WHAT YOU HAVE TO DO: Your answer must repeat the full listing, line for line.

DATA SHOWN:
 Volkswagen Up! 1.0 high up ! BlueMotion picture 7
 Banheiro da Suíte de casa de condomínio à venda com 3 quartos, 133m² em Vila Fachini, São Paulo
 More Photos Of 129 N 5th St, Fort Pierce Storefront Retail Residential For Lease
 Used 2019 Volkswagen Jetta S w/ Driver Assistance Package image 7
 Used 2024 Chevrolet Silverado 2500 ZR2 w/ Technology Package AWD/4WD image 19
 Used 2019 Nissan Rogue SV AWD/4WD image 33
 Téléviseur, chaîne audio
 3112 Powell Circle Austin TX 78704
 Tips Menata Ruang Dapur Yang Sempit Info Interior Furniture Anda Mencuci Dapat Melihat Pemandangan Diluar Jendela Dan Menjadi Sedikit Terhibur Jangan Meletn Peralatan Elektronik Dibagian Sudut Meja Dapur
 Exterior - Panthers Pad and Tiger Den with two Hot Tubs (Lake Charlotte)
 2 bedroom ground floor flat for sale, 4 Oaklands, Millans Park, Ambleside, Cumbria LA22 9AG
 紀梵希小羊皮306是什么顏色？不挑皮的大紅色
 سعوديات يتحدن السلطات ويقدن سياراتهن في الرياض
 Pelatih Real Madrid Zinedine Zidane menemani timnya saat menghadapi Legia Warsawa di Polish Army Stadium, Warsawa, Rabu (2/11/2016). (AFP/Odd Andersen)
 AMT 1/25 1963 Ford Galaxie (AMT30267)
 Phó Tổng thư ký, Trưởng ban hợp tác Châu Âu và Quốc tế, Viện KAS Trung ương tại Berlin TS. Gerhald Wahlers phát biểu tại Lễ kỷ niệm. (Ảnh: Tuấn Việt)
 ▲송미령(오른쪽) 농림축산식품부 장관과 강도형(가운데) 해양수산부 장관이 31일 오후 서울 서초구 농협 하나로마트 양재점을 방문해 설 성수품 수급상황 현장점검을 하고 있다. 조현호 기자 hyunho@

RESULT:
 Volkswagen Up! 1.0 high up ! BlueMotion picture 7
 Banheiro da Suíte de casa de condomínio à venda com 3 quartos, 133m² em Vila Fachini, São Paulo
 More Photos Of 129 N 5th St, Fort Pierce Storefront Retail Residential For Lease
 Used 2019 Volkswagen Jetta S w/ Driver Assistance Package image 7
 Used 2024 Chevrolet Silverado 2500 ZR2 w/ Technology Package AWD/4WD image 19
 Used 2019 Nissan Rogue SV AWD/4WD image 33
 Téléviseur, chaîne audio
 3112 Powell Circle Austin TX 78704
 Tips Menata Ruang Dapur Yang Sempit Info Interior Furniture Anda Mencuci Dapat Melihat Pemandangan Diluar Jendela Dan Menjadi Sedikit Terhibur Jangan Meletn Peralatan Elektronik Dibagian Sudut Meja Dapur
 Exterior - Panthers Pad and Tiger Den with two Hot Tubs (Lake Charlotte)
 2 bedroom ground floor flat for sale, 4 Oaklands, Millans Park, Ambleside, Cumbria LA22 9AG
 紀梵希小羊皮306是什么顏色？不挑皮的大紅色
 سعوديات يتحدن السلطات ويقدن سياراتهن في الرياض
 Pelatih Real Madrid Zinedine Zidane menemani timnya saat menghadapi Legia Warsawa di Polish Army Stadium, Warsawa, Rabu (2/11/2016). (AFP/Odd Andersen)
 AMT 1/25 1963 Ford Galaxie (AMT30267)
 Phó Tổng thư ký, Trưởng ban hợp tác Châu Âu và Quốc tế, Viện KAS Trung ương tại Berlin TS. Gerhald Wahlers phát biểu tại Lễ kỷ niệm. (Ảnh: Tuấn Việt)
 ▲송미령(오른쪽) 농림축산식품부 장관과 강도형(가운데) 해양수산부 장관이 31일 오후 서울 서초구 농협 하나로마트 양재점을 방문해 설 성수품 수급상황 현장점검을 하고 있다. 조현호 기자 hyunho@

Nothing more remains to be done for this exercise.